Sabah ve akşam namazlarının ardından 10’ar defa, diğer namazların ardından birer defa ‘lailahe illellahu vahdehu la-şerike leh…’ deriz
ve O’nun bütün tasarruflarında tek başına olduğunu, O’ndan başka mabut bulunmadığını, hiçbir ortağının olmadığını, her türlü mülkün/egemenliğin sadece O’nun olduğunu, o halde hamdin ve teşekkürün de O’nun hakkı olduğunu, yaşatanın da öldürenin de O olduğunu zihnimize kazıyacak şekilde tekrarlarız.

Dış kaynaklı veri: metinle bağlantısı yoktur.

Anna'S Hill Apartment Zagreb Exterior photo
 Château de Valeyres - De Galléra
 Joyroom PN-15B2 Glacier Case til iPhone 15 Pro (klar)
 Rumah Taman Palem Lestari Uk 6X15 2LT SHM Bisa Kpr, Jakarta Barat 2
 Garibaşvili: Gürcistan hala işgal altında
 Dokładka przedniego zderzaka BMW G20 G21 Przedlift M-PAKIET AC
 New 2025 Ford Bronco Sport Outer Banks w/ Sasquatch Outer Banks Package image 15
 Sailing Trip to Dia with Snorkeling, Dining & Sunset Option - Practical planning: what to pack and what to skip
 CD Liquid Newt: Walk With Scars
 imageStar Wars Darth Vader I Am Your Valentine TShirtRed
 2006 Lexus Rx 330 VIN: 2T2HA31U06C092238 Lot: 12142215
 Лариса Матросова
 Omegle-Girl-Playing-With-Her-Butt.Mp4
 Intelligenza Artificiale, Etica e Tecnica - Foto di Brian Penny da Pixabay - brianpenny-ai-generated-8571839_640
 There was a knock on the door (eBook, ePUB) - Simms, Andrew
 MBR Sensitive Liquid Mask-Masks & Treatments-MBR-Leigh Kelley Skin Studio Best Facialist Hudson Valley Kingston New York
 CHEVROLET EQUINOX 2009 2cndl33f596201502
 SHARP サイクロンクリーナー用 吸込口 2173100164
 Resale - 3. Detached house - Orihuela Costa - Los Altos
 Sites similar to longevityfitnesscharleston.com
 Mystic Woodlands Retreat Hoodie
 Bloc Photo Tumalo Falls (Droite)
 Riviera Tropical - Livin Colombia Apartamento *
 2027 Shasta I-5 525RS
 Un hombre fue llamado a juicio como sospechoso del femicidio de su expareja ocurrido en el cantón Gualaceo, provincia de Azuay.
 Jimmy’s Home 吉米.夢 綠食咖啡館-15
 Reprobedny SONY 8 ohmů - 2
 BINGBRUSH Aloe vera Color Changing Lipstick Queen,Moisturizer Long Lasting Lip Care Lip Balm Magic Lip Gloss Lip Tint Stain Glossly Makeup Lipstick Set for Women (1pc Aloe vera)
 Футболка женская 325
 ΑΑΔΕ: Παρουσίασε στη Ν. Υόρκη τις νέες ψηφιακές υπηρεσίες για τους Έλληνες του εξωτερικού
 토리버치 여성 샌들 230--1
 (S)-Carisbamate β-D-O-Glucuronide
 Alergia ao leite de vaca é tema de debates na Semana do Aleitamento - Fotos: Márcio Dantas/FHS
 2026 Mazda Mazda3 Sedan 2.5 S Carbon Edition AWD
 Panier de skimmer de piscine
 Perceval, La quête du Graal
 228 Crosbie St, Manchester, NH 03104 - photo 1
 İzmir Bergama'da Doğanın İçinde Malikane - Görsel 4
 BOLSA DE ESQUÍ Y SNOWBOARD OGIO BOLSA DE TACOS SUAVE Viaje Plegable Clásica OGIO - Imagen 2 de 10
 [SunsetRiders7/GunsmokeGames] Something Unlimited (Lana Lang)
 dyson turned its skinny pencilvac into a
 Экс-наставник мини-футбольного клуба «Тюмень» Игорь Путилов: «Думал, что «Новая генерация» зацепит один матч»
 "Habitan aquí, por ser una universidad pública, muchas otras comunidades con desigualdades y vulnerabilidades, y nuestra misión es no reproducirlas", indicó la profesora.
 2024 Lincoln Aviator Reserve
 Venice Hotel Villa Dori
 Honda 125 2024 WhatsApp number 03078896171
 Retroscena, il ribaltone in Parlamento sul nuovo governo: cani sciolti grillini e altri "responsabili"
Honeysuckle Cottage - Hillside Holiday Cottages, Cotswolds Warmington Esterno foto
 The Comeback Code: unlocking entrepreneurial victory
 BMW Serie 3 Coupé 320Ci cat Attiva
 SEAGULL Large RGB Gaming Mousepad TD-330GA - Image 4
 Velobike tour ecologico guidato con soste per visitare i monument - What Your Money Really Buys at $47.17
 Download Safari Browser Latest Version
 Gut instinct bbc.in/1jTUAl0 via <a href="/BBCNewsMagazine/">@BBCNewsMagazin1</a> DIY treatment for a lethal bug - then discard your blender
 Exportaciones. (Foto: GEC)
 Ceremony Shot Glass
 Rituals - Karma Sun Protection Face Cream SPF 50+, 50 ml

Resulüllah’ın (sa) sabah namazının sünnetinde, akşamın farzında çoğu zaman ‘Kâfirûn’ ve ‘İhlas’ surelerini okumuş olması da bu açıdan anlamlıdır. Bu iki sure iki ihlas suresi olarak bilinir. İhlas yani dinin sadece Allah’a has kılınması demek. Sabah bu bilinçle başlayıp günü bu bilinçle kapatmak için. Resulüllah’ın Vitir namazında ‘Sebbih-isme’ suresi ile bu iki sureyi okumuş olması da geceyi böyle başlatmak içindir. Vitirde okuduğumuz dualar da vurgu ile bize hep bunları söyler.

Demek ki, çoğu zaman tam düşünmeden kıldığımız namazın ‘dosdoğru’ kılınmış, yani ikamet edilmiş olabilmesi için bu bilinçle kılınması gerekir.